清原和博氏がスタンドで観戦。手を合わせて、息子の活躍を願った[写真=矢野寿明]


 なぜ、もう一度、野球を始めたのか。弟・清原勝児さん(慶應義塾高で昨夏の甲子園全国制覇)が中学時代、父から野球を教わったのをきっかけに、家族で集まる機会が増えたという。

「長男としての思いが芽生え、母の大変さを目の当たりにする機会が増え、こんなに良い環境で育ててもらい、最後の学生生活で恩返し、親孝行がしたいと考えました。父と母を喜ばせたい思いが、根底にあります」

 白球、バットを握るのは6年ぶり。硬式野球の経験もなかった。ブランクを埋めるため、ひたすら猛練習。1年春のフレッシュトーナメント(2年生以下で編成)から出場し、同秋に四番を2試合、2年春は全3試合で四番を務め、2年秋までに通算11試合、35打数6安打、3打点、打率.171の成績を残した。

 リーグ戦は2年秋の早大1回戦で初のベンチ入りで、同2回戦で初出場(代打で右飛)。3年春は開幕先発(七番・一塁)の座をつかみ、法大3回戦で初安打を放った。開幕から3試合、先発に名を連ねたが、2カード目の明大4回戦での代打を最後に、登録25人のベンチ入りメンバーから外れた。チームは同秋に4季ぶりのリーグ優勝、4年ぶりの明治神宮大会制覇を遂げたが、清原はVの輪に加わることはできなかった。主力のAチームから外れ、Bチームで泥だらけになっていた。

「どんな状況でも練習をやり込んだ。野球に対する姿勢が変わらなかった」(堀井監督)

 清原はこう振り返る。

「Bチームの選手と悔しい思いをしながら練習をしていました。自分の中で一度、覚悟を決めて始めた野球だったので、絶対にトップになろうと思って、毎日、妥協せず練習した」

「1日1日、後悔なく終わりたい」


先制打の清原[左]は、9回途中2失点で勝利投手となった外丸東眞[右、3年・前橋育英高]と笑顔を見せる[写真=矢野寿明]


 慶大は部員200人の大所帯。激しいレギュラー争いを勝ち抜き、父の現役時代の指定席でもあった「四番・一塁」の座を手にした。結果を出せた、技術的な要因はこうである。

「監督から指導をしてもらい、良いピッチャーに対して、コンパクトにセンター返しを意識しています。スイングが鋭くなり、昨年までのバッティングとは一味違うと言われます」

 3年秋までに東京六大学リーグ通算5試合、9打数1安打、打率.111。
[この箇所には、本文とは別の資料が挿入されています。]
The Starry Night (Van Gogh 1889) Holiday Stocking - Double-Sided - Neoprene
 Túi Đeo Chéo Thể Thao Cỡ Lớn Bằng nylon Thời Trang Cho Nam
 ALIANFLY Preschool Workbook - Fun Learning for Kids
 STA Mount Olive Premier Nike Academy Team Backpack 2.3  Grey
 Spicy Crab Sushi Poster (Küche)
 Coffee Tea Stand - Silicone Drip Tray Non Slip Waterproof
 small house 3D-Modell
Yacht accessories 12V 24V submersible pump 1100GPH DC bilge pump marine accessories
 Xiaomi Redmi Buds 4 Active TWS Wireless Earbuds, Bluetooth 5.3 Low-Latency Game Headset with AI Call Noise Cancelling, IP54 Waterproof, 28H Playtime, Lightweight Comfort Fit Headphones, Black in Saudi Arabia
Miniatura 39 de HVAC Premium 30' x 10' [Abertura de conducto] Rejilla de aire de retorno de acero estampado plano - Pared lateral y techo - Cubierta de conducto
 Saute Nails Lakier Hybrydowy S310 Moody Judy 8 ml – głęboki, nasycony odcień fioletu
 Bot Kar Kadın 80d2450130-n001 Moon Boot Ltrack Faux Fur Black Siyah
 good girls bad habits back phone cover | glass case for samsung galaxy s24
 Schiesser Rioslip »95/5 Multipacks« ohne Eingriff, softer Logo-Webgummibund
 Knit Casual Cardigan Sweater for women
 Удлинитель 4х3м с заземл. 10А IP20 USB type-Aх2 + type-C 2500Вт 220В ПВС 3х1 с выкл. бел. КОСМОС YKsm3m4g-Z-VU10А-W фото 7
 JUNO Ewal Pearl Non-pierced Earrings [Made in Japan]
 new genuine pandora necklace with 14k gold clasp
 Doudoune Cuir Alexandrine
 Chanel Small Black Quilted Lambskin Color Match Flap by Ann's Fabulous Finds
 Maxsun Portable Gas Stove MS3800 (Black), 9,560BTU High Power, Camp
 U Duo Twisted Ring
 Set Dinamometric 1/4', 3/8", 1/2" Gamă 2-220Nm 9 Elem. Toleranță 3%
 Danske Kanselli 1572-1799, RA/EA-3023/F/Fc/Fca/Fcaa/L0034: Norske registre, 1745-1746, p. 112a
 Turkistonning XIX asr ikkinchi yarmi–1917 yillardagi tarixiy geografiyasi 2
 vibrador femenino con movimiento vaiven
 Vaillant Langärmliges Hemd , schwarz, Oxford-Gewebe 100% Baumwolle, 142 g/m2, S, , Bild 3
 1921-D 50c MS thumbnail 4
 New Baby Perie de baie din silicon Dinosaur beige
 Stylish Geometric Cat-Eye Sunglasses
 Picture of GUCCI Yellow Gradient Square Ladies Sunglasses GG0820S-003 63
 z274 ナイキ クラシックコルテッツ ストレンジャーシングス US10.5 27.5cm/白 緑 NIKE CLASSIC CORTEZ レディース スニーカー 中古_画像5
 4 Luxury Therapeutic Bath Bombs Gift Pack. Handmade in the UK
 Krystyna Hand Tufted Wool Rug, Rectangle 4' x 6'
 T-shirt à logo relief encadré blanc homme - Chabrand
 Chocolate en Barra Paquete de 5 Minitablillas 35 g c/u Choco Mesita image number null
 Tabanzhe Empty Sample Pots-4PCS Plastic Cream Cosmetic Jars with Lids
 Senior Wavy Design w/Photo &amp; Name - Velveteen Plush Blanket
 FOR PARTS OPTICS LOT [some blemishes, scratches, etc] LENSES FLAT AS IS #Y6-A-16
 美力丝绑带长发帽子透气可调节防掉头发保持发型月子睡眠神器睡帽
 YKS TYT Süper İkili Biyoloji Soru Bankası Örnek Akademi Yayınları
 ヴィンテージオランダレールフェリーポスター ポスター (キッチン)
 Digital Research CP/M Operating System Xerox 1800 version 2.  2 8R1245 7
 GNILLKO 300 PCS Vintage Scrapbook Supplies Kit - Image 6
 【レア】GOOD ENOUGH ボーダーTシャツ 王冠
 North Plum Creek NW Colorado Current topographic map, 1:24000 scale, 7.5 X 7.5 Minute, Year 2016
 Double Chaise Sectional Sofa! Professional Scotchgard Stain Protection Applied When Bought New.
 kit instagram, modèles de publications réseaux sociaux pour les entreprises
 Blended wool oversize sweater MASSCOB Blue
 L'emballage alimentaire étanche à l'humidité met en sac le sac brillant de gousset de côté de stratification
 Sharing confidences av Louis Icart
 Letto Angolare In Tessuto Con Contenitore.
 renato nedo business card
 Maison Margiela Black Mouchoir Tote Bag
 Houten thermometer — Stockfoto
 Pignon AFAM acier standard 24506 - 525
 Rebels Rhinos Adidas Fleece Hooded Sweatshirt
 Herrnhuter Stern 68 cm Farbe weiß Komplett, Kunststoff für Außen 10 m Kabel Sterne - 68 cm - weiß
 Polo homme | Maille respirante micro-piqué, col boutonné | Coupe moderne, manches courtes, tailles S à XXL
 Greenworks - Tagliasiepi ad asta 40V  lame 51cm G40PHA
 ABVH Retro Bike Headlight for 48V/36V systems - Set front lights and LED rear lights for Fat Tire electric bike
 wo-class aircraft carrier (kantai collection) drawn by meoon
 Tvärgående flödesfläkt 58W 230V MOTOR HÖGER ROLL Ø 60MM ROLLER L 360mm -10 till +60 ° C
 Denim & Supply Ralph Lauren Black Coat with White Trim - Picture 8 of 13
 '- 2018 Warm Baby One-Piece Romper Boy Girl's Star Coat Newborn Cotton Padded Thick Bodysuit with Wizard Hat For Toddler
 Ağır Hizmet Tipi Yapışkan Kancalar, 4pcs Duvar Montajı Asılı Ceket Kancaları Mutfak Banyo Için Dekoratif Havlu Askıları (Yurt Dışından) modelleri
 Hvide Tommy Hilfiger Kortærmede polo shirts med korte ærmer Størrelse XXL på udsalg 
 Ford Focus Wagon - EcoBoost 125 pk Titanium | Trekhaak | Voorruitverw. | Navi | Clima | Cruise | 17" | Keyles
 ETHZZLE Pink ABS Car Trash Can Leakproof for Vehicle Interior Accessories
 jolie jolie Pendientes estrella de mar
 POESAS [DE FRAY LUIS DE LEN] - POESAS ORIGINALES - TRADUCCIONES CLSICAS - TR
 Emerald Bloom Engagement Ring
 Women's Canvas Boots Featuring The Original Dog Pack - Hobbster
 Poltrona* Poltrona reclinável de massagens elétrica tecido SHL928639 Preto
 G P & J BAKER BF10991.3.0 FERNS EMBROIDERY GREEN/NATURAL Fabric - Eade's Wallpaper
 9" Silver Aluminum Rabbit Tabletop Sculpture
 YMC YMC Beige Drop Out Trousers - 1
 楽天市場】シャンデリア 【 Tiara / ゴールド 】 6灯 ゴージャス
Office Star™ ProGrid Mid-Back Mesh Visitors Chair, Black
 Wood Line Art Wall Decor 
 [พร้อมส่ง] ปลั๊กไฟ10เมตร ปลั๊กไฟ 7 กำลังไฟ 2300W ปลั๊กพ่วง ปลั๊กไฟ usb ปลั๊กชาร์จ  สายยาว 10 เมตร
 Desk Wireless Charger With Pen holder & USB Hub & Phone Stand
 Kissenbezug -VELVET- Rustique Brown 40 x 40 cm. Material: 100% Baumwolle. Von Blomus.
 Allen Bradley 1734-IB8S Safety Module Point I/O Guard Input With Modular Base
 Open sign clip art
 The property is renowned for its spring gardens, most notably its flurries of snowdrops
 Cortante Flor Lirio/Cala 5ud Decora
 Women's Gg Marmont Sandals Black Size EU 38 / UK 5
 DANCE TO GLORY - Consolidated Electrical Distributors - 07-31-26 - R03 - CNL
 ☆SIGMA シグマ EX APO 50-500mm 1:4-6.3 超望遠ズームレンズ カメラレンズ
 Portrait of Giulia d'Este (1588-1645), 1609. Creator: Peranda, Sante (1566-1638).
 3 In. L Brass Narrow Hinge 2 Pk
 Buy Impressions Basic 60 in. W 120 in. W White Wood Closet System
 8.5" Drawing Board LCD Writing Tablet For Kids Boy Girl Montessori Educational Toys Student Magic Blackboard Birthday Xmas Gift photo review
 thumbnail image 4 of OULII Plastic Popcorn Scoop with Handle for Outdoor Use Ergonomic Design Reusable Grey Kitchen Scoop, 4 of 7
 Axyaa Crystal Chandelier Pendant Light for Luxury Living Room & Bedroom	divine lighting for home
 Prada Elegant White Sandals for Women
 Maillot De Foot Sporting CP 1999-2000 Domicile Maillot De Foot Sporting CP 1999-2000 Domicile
これまでの実績はやはり、参考にならなかった。慶大には努力を重ねてきた最上級生が活躍する土壌がある。

 昨年12月末以降、清原は報道陣の前で大学卒業後の進路希望について「プロ一本」と表明してきているが、シーズンが始まってしまえば、個人のことは後回しである。

「この1年、先のことを考えずに、1日1日、後悔なく終わりたい。その結果として、そのレベルになっているのならば目指したいですけど……。今はリーグ戦の一戦一戦に集中しています。将来のことは考えていないです。最高の仲間、最高のチームで日本一を取って、後悔なく、1年を終えられたらと思います」

 今年2月の取材時に個人的な目標を聞くと「三冠王(打率、本塁打、打点でリーグトップ)を獲りたい」と話していた。チームの勝利が最優先だが「神宮で本塁打を打って、ホームランボールを家族に渡したい」との思いもある。堀井監督は「今春は5本塁打、打ちますよ」と明言している。下田グラウンドでの取材後、清原を三塁ベンチに呼ぶと、こう言った。「1本目は父親、2本目は母親、3本目は弟、4本目は自分、5本目はオレにくれよ(笑)」と叱咤激励。清原の学生ラストシーズンは始まったばかりである。右打席から魂を込めたフルスイングから目が離せない。